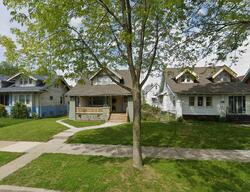  N 38th St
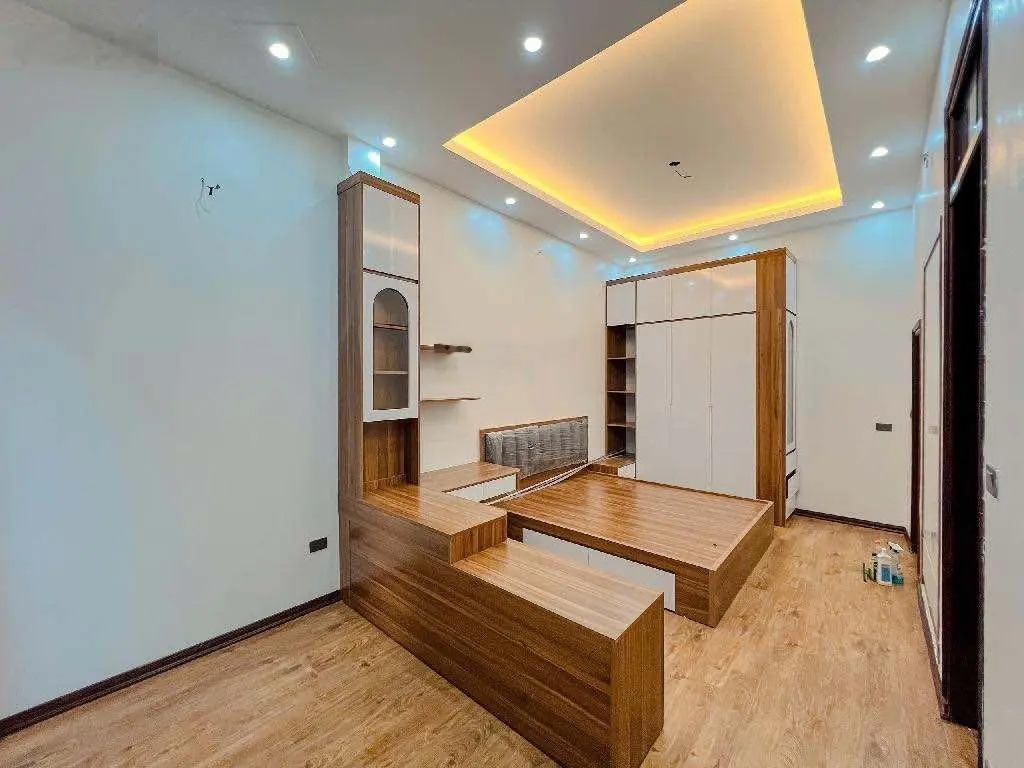 Bán nhà riêng tại phố Lạc Trung,HBT chỉ 6,85 tỷ có ngay nhà: 42m2, 4PN, 4WC, Chính chủ giá cực tốt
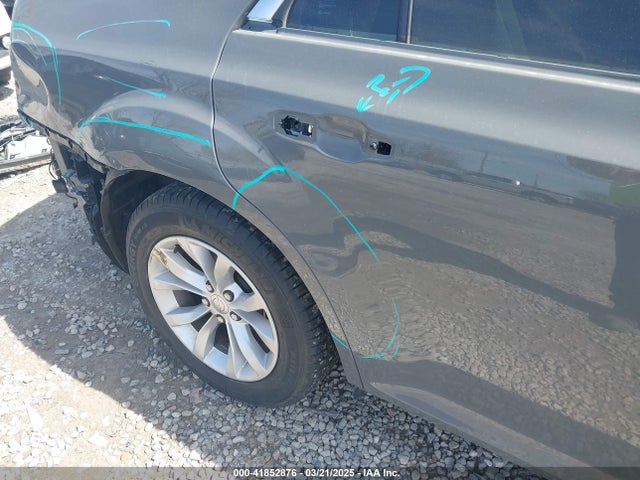 2C3CCAAG0KH564997 Chrysler 300 Touring
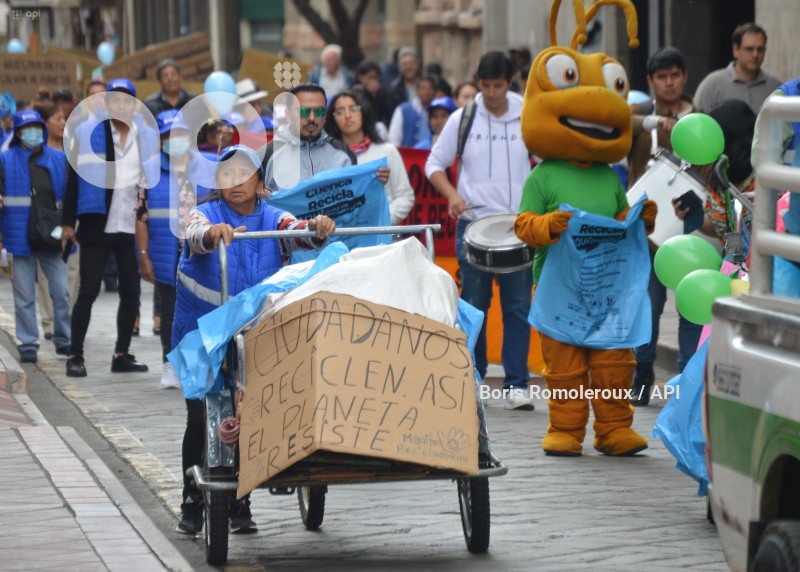 CUENCA-DIA INTERNACIONAL RECICLADOR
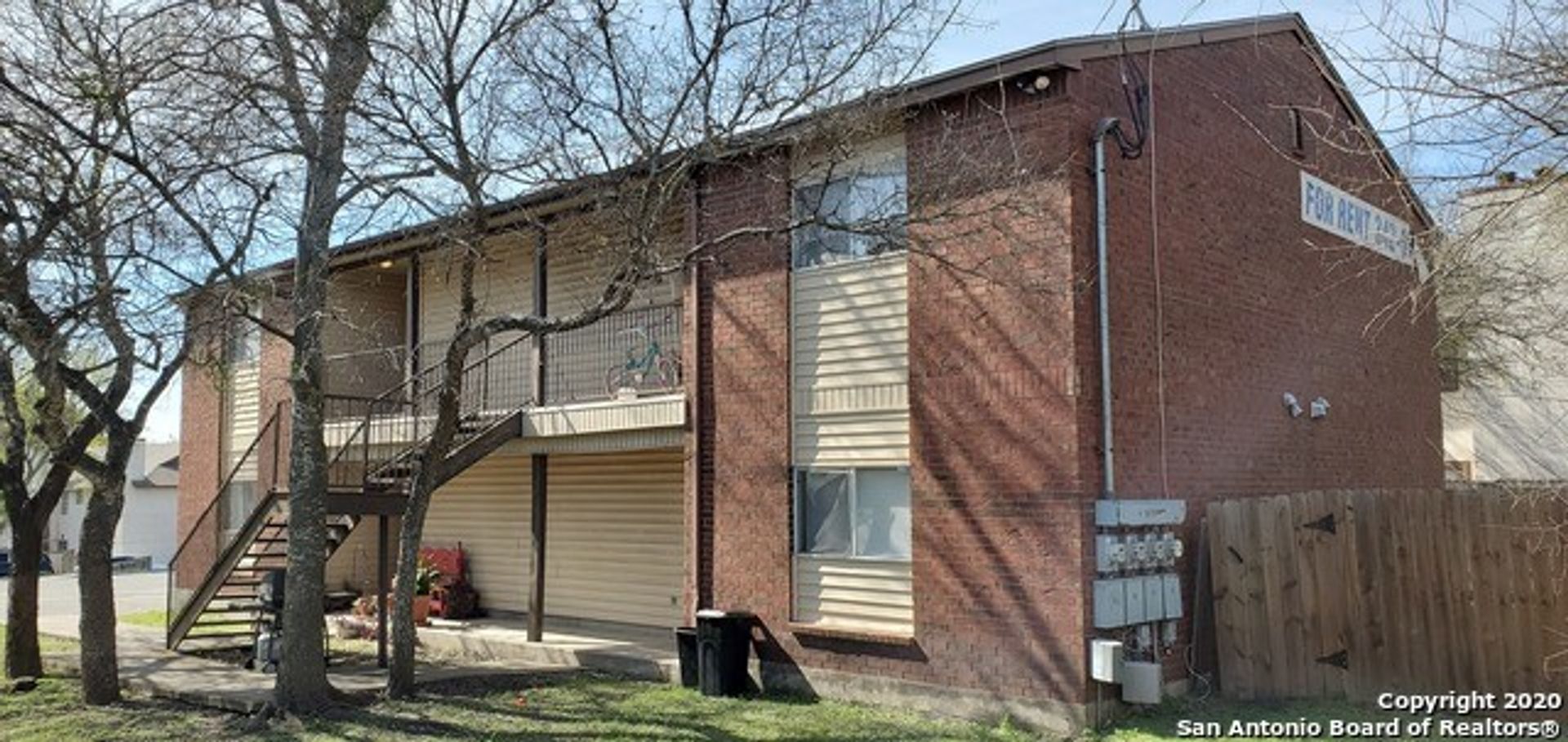 Universal City Apartment: 538 Dukeway Dr.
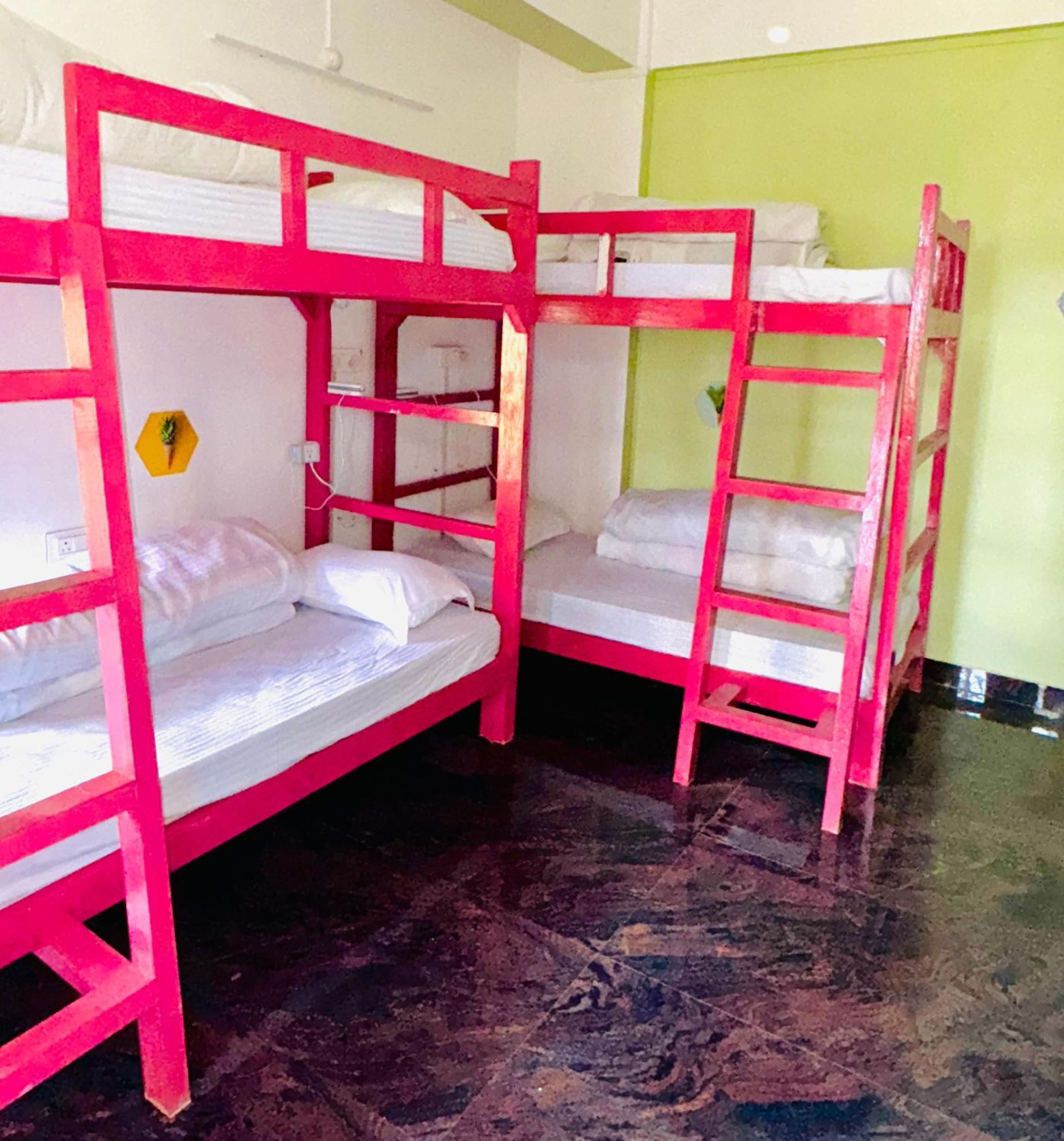 Xtsy Travellers Hostel シロン エクステリア 写真
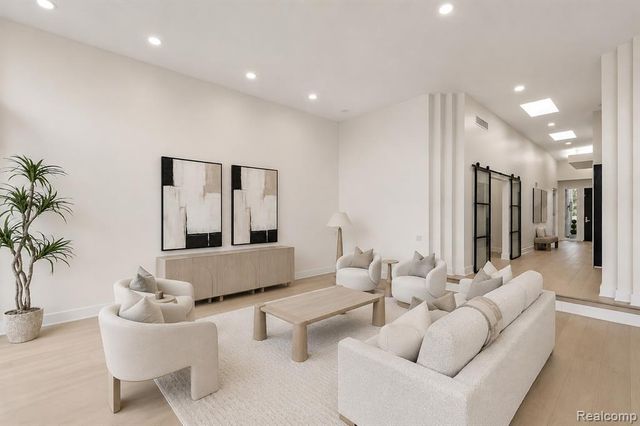 1756 Alexander Drive, Bloomfield Hills, MI 48302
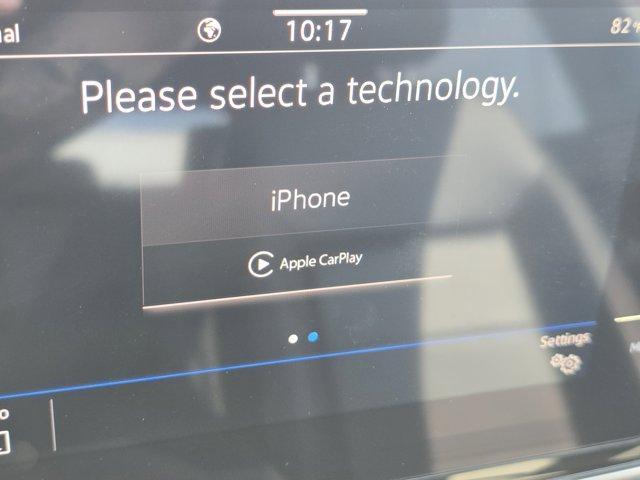Photo of 2022 Platinum Gray Metallic Volkswagen Atlas Cross Sport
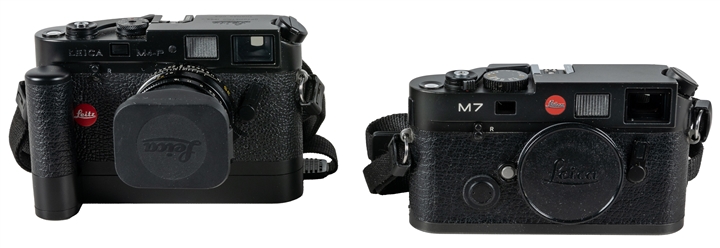  [PHOTOGRAPHY]. Philip Turners Cameras with Accessories. Le...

• BRIEF
No pictures should appear in the answer, which is to be the lines from the line with "2C3CCAAG0KH564997 Chrysler 300 Touring" through the end of the records above, restated exactly.

• SOLUTION TO THIS PROBLEM
 2C3CCAAG0KH564997 Chrysler 300 Touring
 CUENCA-DIA INTERNACIONAL RECICLADOR
 Universal City Apartment: 538 Dukeway Dr.
 Xtsy Travellers Hostel シロン エクステリア 写真
 1756 Alexander Drive, Bloomfield Hills, MI 48302
Photo of 2022 Platinum Gray Metallic Volkswagen Atlas Cross Sport
  [PHOTOGRAPHY]. Philip Turners Cameras with Accessories. Le...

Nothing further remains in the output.